The application of an interesting paradox to our current social and economical aspects of life was presented by Jeff Dardozzi. Jevon's paradox, or the rebound effect simply states that technological progression of a particular resource leads to an increase in the efficiency of that resource which ultimately leads to an overall increase in the rate of consumption. In other words, if something becomes more efficient and cheaper to use, people will use it more frequently. Jevon's paradox can be applied to the increase in production of the Smart Car. Consumers had never before seen a car with better gas mileage. When the production of the Smart Car increased, sales increased due to a lowering in the price. But having a Smart Car with better gas mileage than every other car allows the driver to drive even more than he/she would have with a normal car. So, the increase in production of the Smart Car lead to a decrease in price and an overall increase in consumption. Another example of a resource that exhibits jevon's paradox, is air conditioning. Recently, new air conditioners have been installed in homes that use almost half of the overall energy than the original air conditioners. Production of these new energy-efficient air conditioners has greatly increased, causing the price to go down. More and more homeowners are now buying these new air conditioners. When a homeowner learns that their new air conditioner is much more efficient, he/she will use it much more frequently. And if more and more people are buying them and using them more frequently than their old air conditioners, the net energy consumption will be greater than before.

The has been a very large emphasis on consumer spending in our economy in the past century primarily because it sustains the system. The present consumer spending supports the economic and political order whose power is sustained primarily by maintaining growth and "capital accumulation". Since the economic system requires the constant externalization of its operating costs to maintain itself, a decrease in consumer spending would cause an overall systematic collapse of our economic and social system.

Adam Curtis' idea of corporate America turning our society into a "sea of selves" describes each member of our society focusing primarily on the health of themselves, rather than focusing on the overall health of the system and community. Curtis' "sea of selves" describes an entire popultion that has an "inverted quarantine". He believes that corporate America has influenced and allowed each member of our society to concern themselves with only themselves.

Bailey's notion of the civic and the divine describes, what he believes, the social aspects of our collective personalities. He believes that for a community or organization to be successful, the elements of the civic and divine must be placed at the center of its structure. The civic and devine, he sates, describes an organization's reason to be. The civic element of our personalities is found in our set of rights and obligations that bind the collective to the individual while the divine element describes the notion of something greater than one's self and that the activities of the collective effect the overall system.

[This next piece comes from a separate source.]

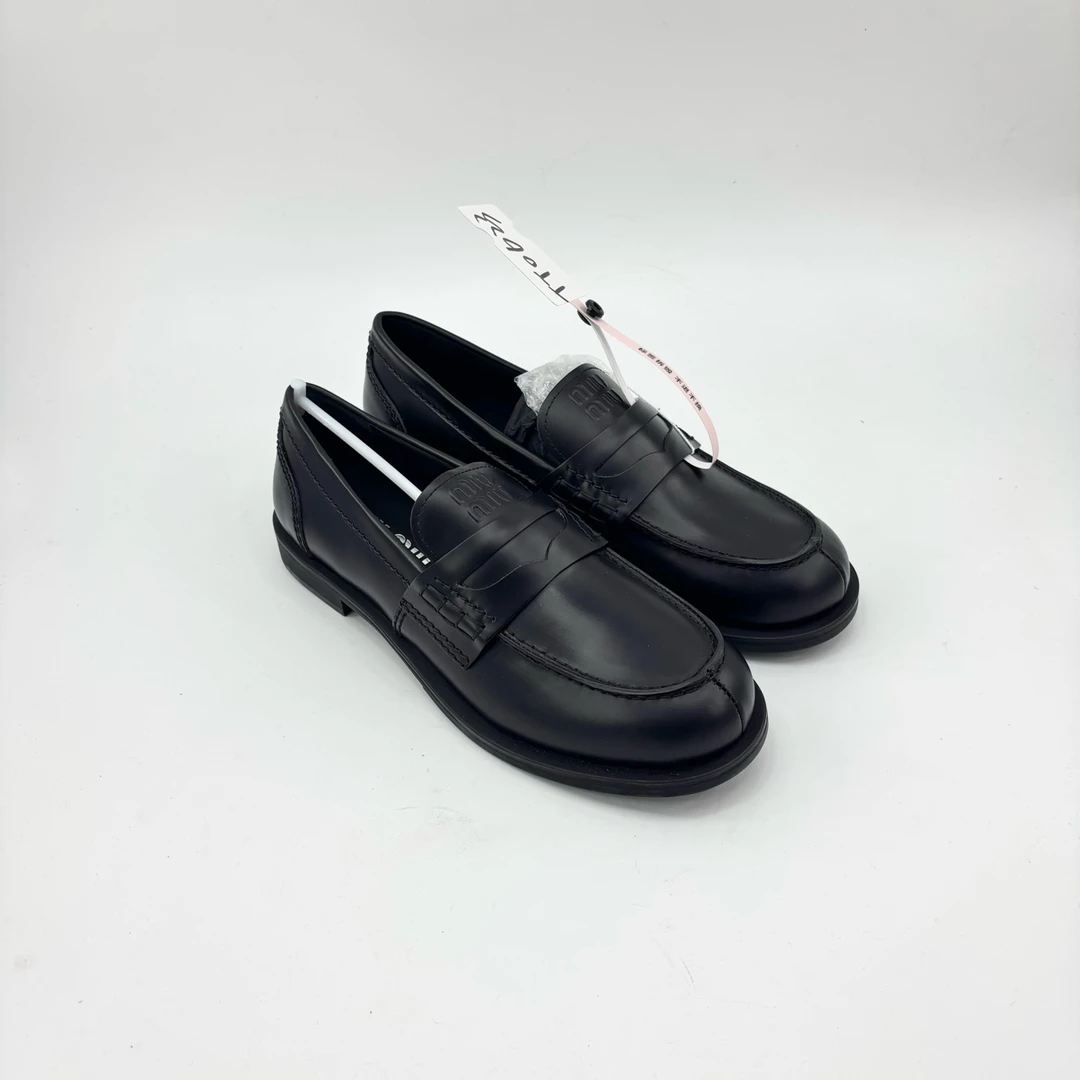 全新未使用 MIU MIU/缪缪 36.5码/百搭黑色舒适乐福鞋/TT0623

I think that Dardozzi's essay paints a very accurate picture of the structures of our entire society. From economically, politically and socially, Dardozzi describes how each aspect will be affected by an overall decrease in available energy and the problems that appear with energy efficiency. Dardozzi's essay makes us as consumers think twice about using energy efficient technologies rather than simply using less. I do appreciate his description of our very fragile system and how one simple flaw will have destructive consequences. I also appreciate his description of the rise of our somewhat selfish personalities. I think he was very accurate when he described our "survival of the fittest" type of attitude, in that most members of our society think and act only for the success of themselves, rather than the success of our system. Although his description is somewhat depressing, I think it is a wake-up-call for members of our society. I think Dardozzi accurately describes who the individual is and why the individual should work more for the collective in order to survive any oncoming crisis.

This assignment is appropriate for veteran's day because of the mentality of the soldier. At the beginning, the soldier is broken down and the "self" is taken out of his/her personality. After the soldier is broken down, he/she is rebuilt to focus on the health and success of the collective unit. A soldier soon learns to fight not for himself, but for the soldiers around him, and the success of the entire operation. A veteran is someone who has fought for the success of the people around them, and for the success and health of the entire nation. The veteran knows that a "sea of selves" will not survive. The veteran exhibits more than others the civic and devine and knows their reason to be. If this nation was filled with a "sea of veterans", our society as a whole would prosper.